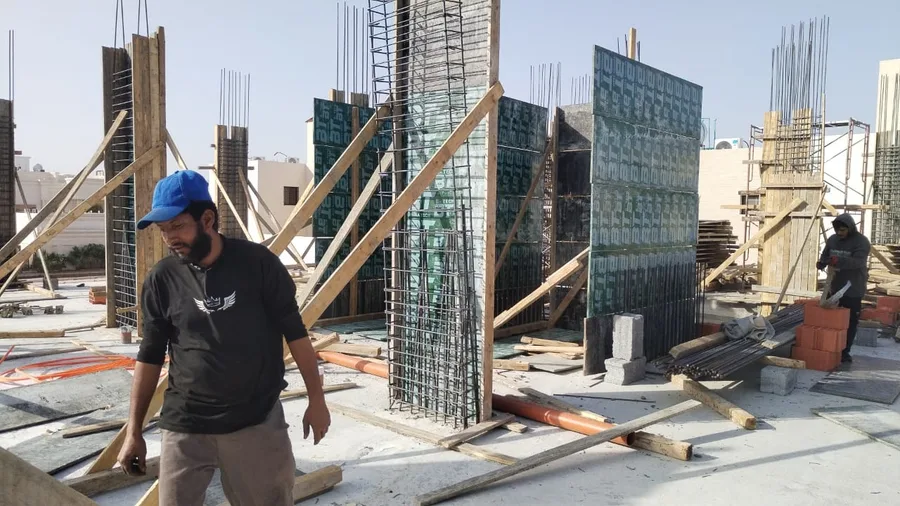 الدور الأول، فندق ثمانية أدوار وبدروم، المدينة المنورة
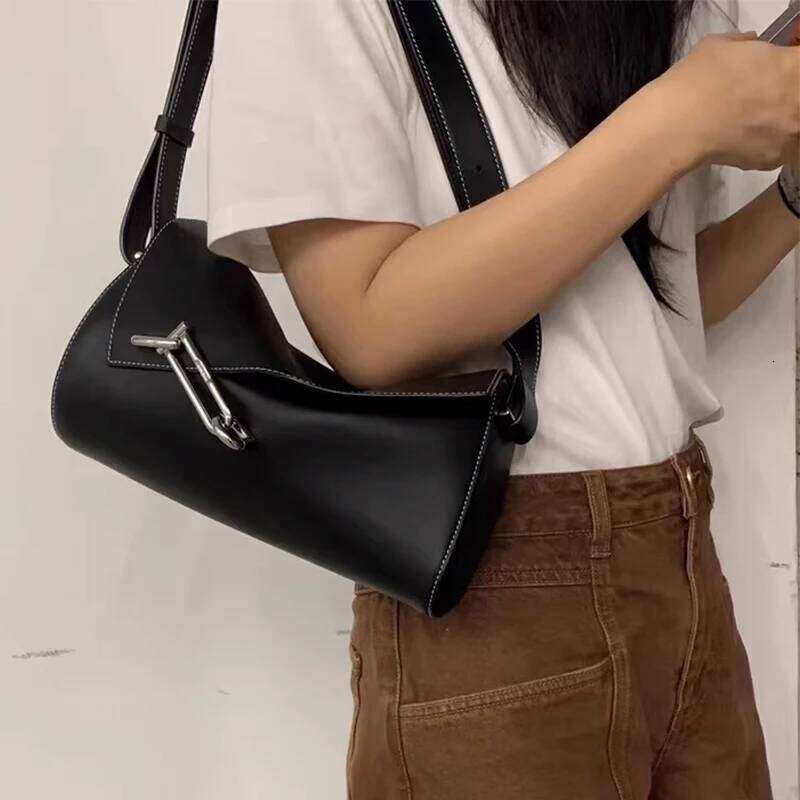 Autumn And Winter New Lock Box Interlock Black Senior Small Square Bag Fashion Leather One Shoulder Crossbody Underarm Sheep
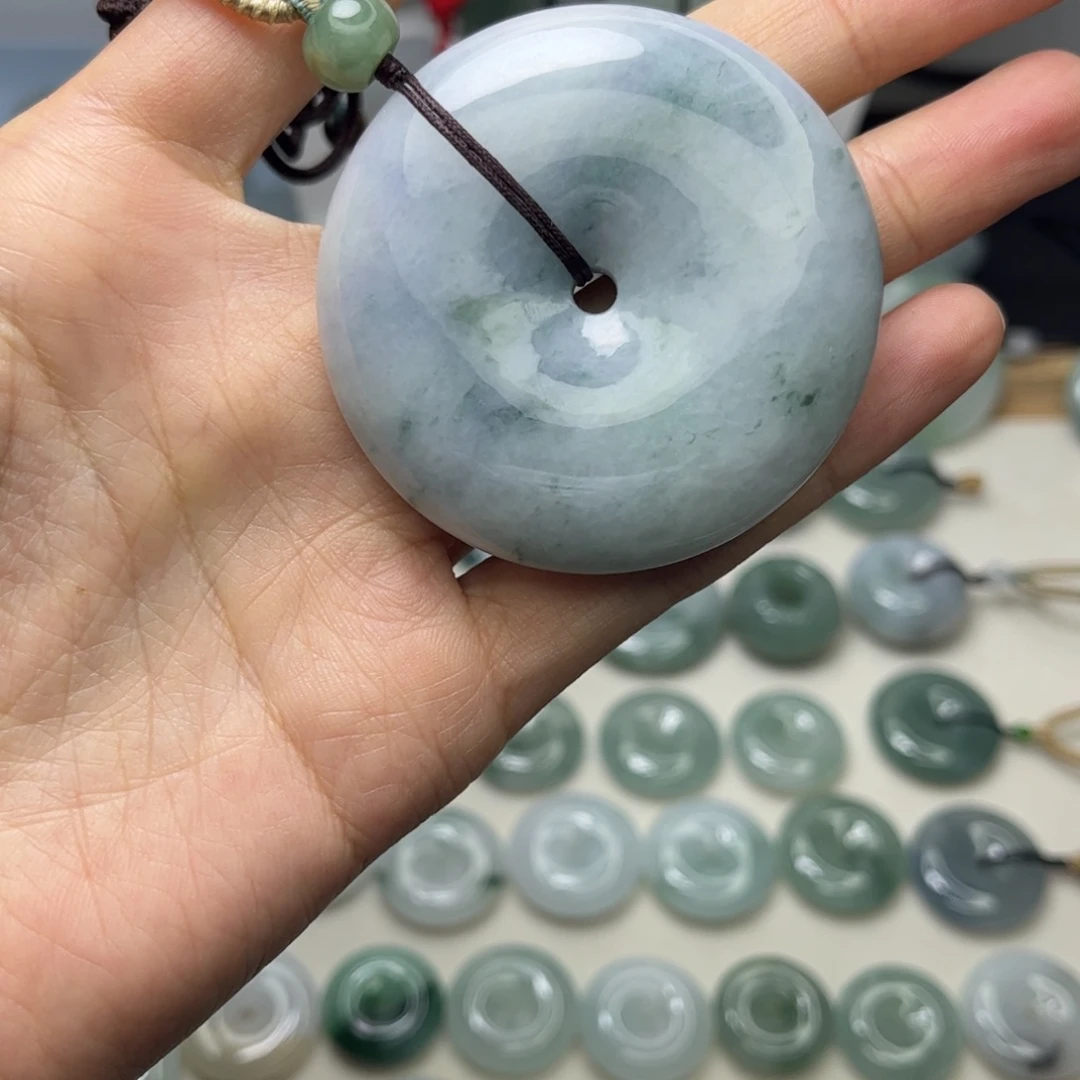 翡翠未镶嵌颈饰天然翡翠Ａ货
........
DIRECTIONS: Could the data above be reproduced exactly, with the pictures left out?

SOLUTION TO THE EXERCISE:
 الدور الأول، فندق ثمانية أدوار وبدروم، المدينة المنورة
 Autumn And Winter New Lock Box Interlock Black Senior Small Square Bag Fashion Leather One Shoulder Crossbody Underarm Sheep
 翡翠未镶嵌颈饰天然翡翠Ａ货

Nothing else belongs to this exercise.